As três mulheres ameaçadas participaram das mesmas manifestações que se intensificaram em fevereiro passado, quando lagos e poços artesianos de comunidades de Barcarena, a 40 quilômetros de Belém, foram atingidos pela lama vermelha despejada nos igarapés Bom Futuro, Burajuba e nos rios Murucupi, Tauá e Pará. O Instituto Evandro Chagas confirmou a contaminação hídrica. A denúncia teve repercussão internacional.
A empresa multinacional norueguesa Hydro nega o vazamento de resíduos nos dias 16 e 17 do mês passado, mas pediu desculpas às comunidades de Barcarena por descartar água de chuva não tratada no rio Pará.
Maria do Socorro Costa Silva é presidente da Associação dos Caboclos, Indígenas e Quilombolas da Amazônia (Cainquiama) e moradora da comunidade de remanescentes quilombolas do Burajuba. Sua casa foi invadida por policiais militares em abril de 2016. Daí as ameaças não deram trégua.
“Sofro ameaças constantemente. Não sei o nome de ninguém, mas eles sabem quem eu sou. Sou ameaçada sempre porque nós denunciamos uma multinacional. Nós dissemos onde estavam as coisas erradas e provamos. A gente está botando a imagem dela [da Hydro] no chão”, afirma.
Ludmilla Machado de Oliveira, também da Cainquiama, acordou com o barulho de pedras contra as janelas de sua casa na comunidade quilombola Burajuba por volta das 3h da manhã do último domingo (18). Ela e a família não foram alvejadas porque dormiam, mas todos fugiram para Vila dos Cabanos, no centro de Barcarena. “Fico preocupada com a minha segurança, mas também com a da minha família. Se acontecer algo comigo, como é que eles ficam?”, questiona.

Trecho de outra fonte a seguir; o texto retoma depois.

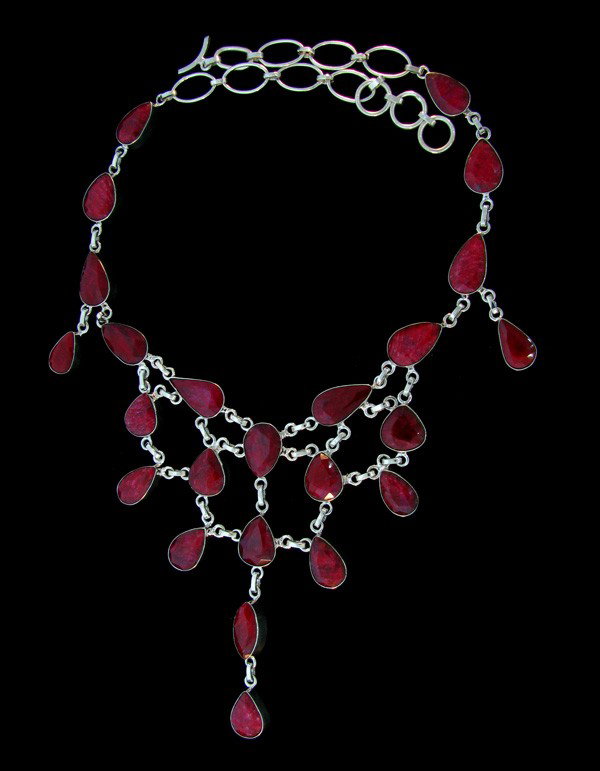 APP: 103.1k 197.39CT Ruby & Sterling Silver Necklace6: 197.39CT Ruby and Sterling Silver Necklace6 - Appraisal Value: $103.0K - Bid with utmost confidence from GovernmentAuction.com. We have been in business for over 35 years, and pride ourselves on perfe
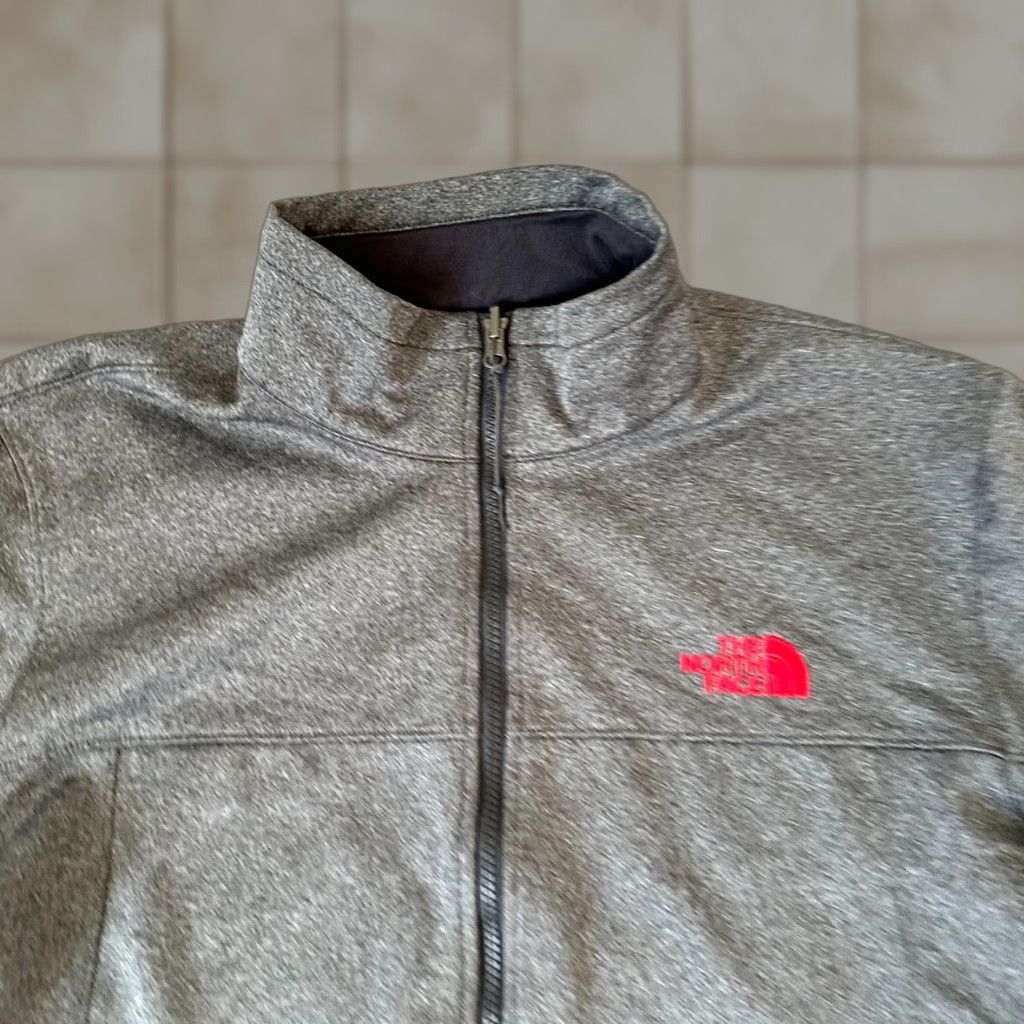 The North Face The North Face Sweater Mens L Gray 1/4 Zip Polyester Mock Neck 90s Pullover Jersey Pattern Solid Size US L / EU 52-54 / 3 - 1 Thumbnail
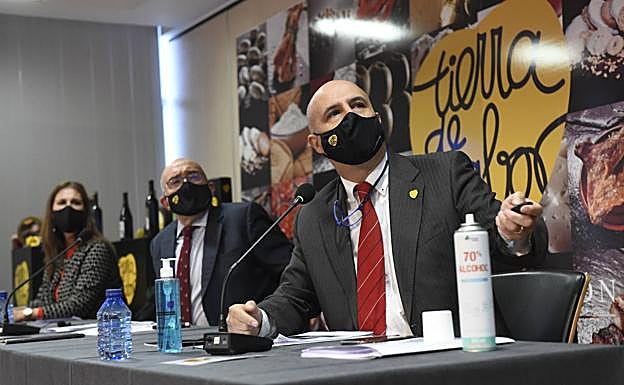Gemma Martín, Jesús Julio Carnero y Jorge Llorente, durante la rueda de prensa en el Itacyl. 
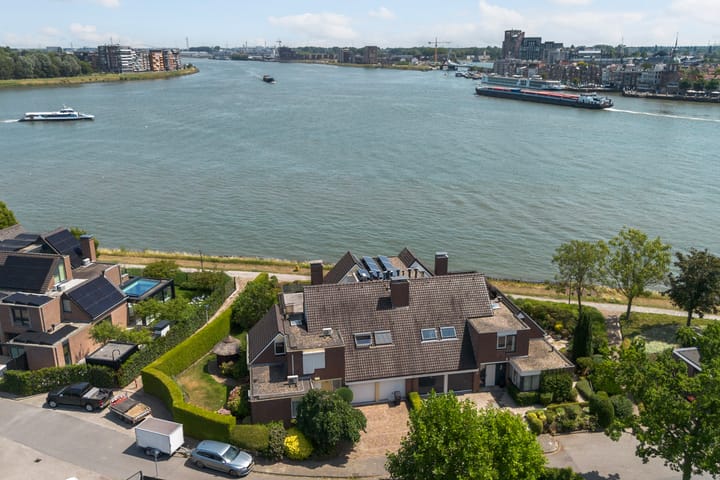 Grevelingen 33 in Zwijndrecht foto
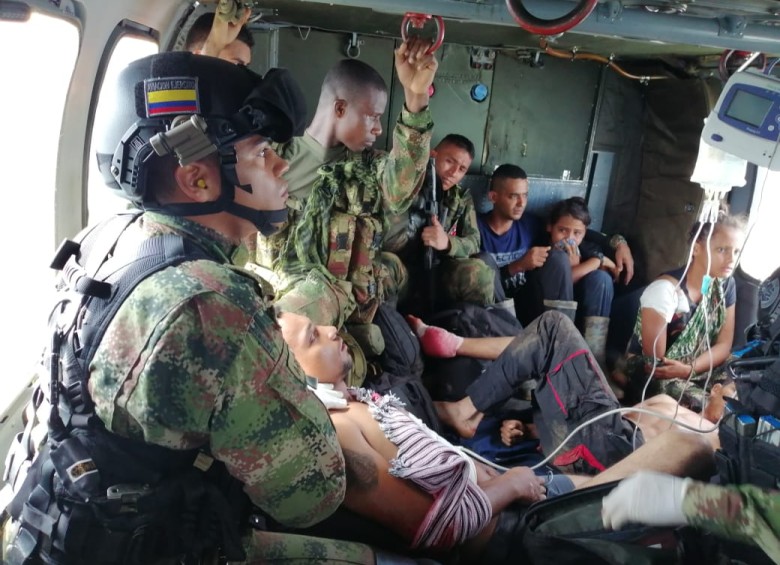 Capturados y heridos fueron evacuados en helicóptero. FOTO CORTESÍA EJÉRCITO
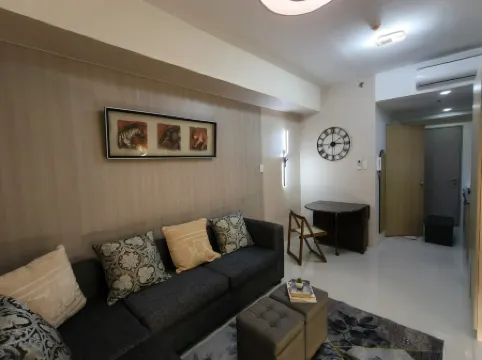 Taal View Condo in Tagaytay with Parking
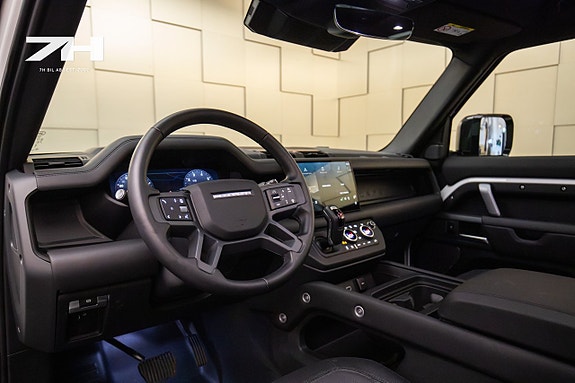 Land Rover Defender 90 9 of 25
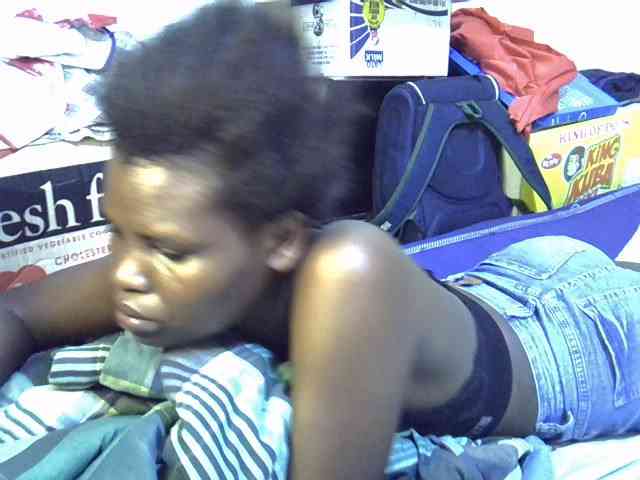 Cute-aliyah webcam
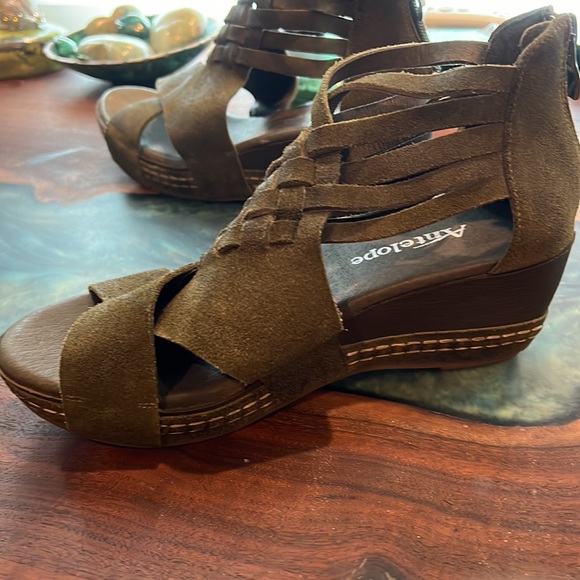 Beautiful army green antelope sandals - Picture 2 of 4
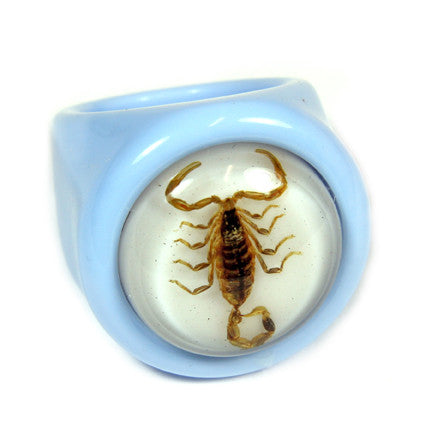 R0032<br/>Gold Scorpion Ring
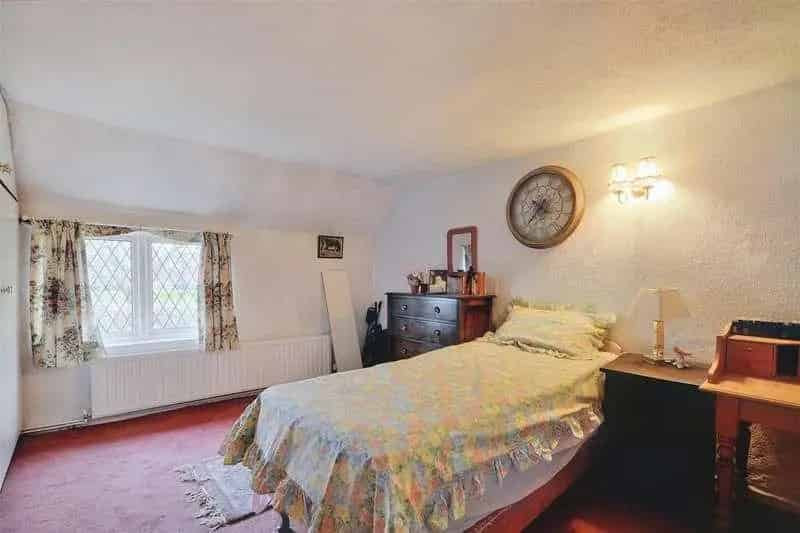 3 Bed House For Sale - Large Plot & Garden - Cattery Potential
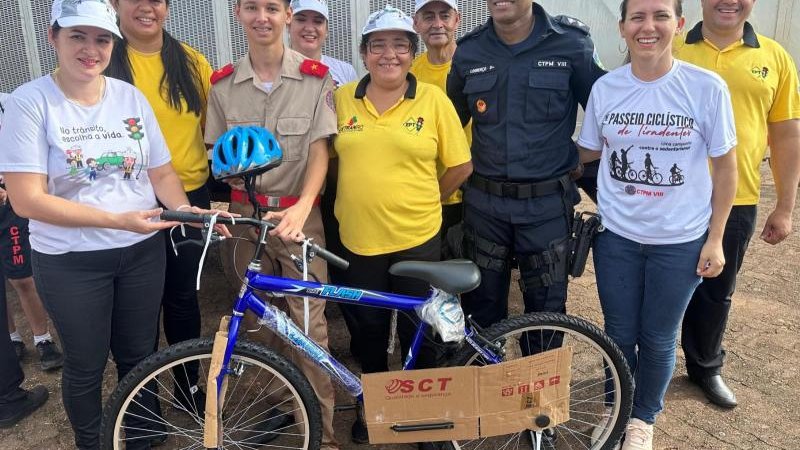 Foto 7 da matéria: Colégio Tiradentes de Rolim de Moura realiza 2ºPasseio Ciclístico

A terceira mulher ameaçada é Maria Salestiana Cardoso, 69, moradora da comunidade do Bom Futuro, que fica a 100 metros da bacia de rejeitos sólidos da mineradora Hydro, a DRS-2, que é alvo de investigação por poluição ambiental.
“Onde eu estou vejo um carro prateado, uma 4X4 prateada. Mas eu não tenho medo, eu não vou me calar, vou continuar denunciando o que acontece em Barcarena”, diz Maria Salestiana.
Em janeiro deste ano, o promotor Armando Brasil Teixeira pediu à Secretaria de Segurança “garantia de vida aos representantes da associação, considerando os fatos envolvendo suposta prática de crimes militares por policiais” às lideranças da Cainqueama, mas o pedido foi rejeitado pela Secretaria de Segurança Pública do Estado do Pará (Segup). Para mulheres pobres, negras e ribeirinhas não há segurança.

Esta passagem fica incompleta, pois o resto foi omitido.